Tuesday, April 17, 2007

It’s True Because it’s Science!

I was very interested to read about this "mathematician who applies math to real-life situations." Imagine that, applying math to the real world. Such a novel idea almost makes me forget that the field of applied mathematics already exists. Anyway Bruce Bukiet's results in this study are silly enough to confirm there are flaws inherent to the projection.
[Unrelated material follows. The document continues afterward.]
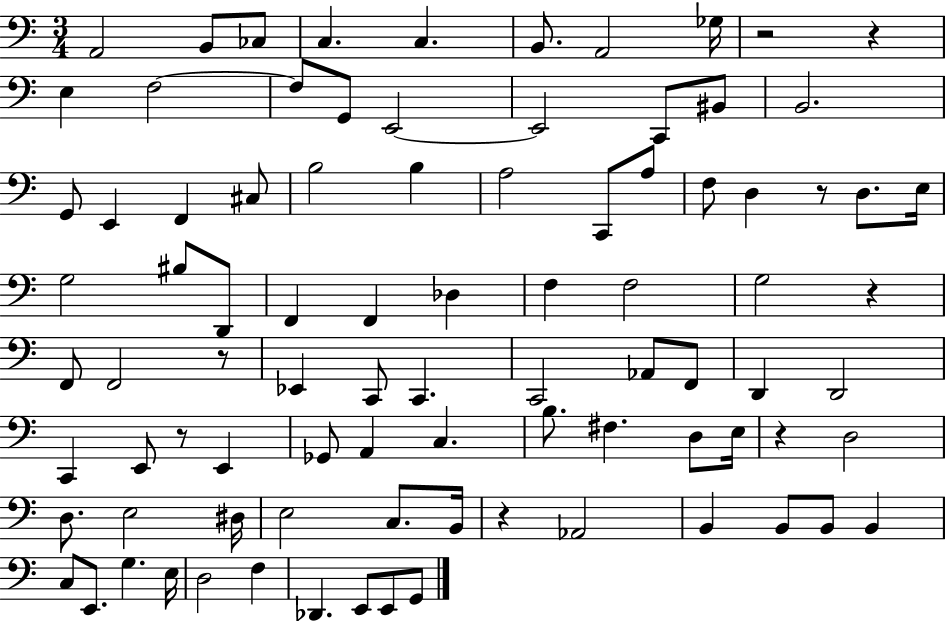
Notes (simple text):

A2/h B2/e CES3/e C3/q. C3/q. B2/e. A2/h Gb3/s R/h R/q E3/q F3/h F3/e G2/e E2/h E2/h C2/e BIS2/e B2/h. G2/e E2/q F2/q C#3/e B3/h B3/q A3/h C2/e A3/e F3/e D3/q R/e D3/e. E3/s G3/h BIS3/e D2/e F2/q F2/q Db3/q F3/q F3/h G3/h R/q F2/e F2/h R/e Eb2/q C2/e C2/q. C2/h Ab2/e F2/e D2/q D2/h C2/q E2/e R/e E2/q Gb2/e A2/q C3/q. B3/e. F#3/q. D3/e E3/s R/q D3/h D3/e. E3/h D#3/s E3/h C3/e. B2/s R/q Ab2/h B2/q B2/e B2/e B2/q C3/e E2/e. G3/q. E3/s D3/h F3/q Db2/q. E2/e E2/e G2/e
I can just use some simple baseball truths to dispute his conclusion that the Yankees should be projected to win 110 games this year and “dominate baseball.”

Truth 1: There haven’t been any truly dominant baseball teams in the last 5 years, and since the Yankees didn’t acquire too many former MVPs last offseason to stash on the bench, there is no reason to think their flawed roster will suddenly be dominant. From 2002 until now, only one team has won 105 games, and that was the 2004 Cardinals. Parity is up (comprehensive statistical analysis not shown) which means there are less easy teams to play and there are no flawless teams who you would expect to dominate.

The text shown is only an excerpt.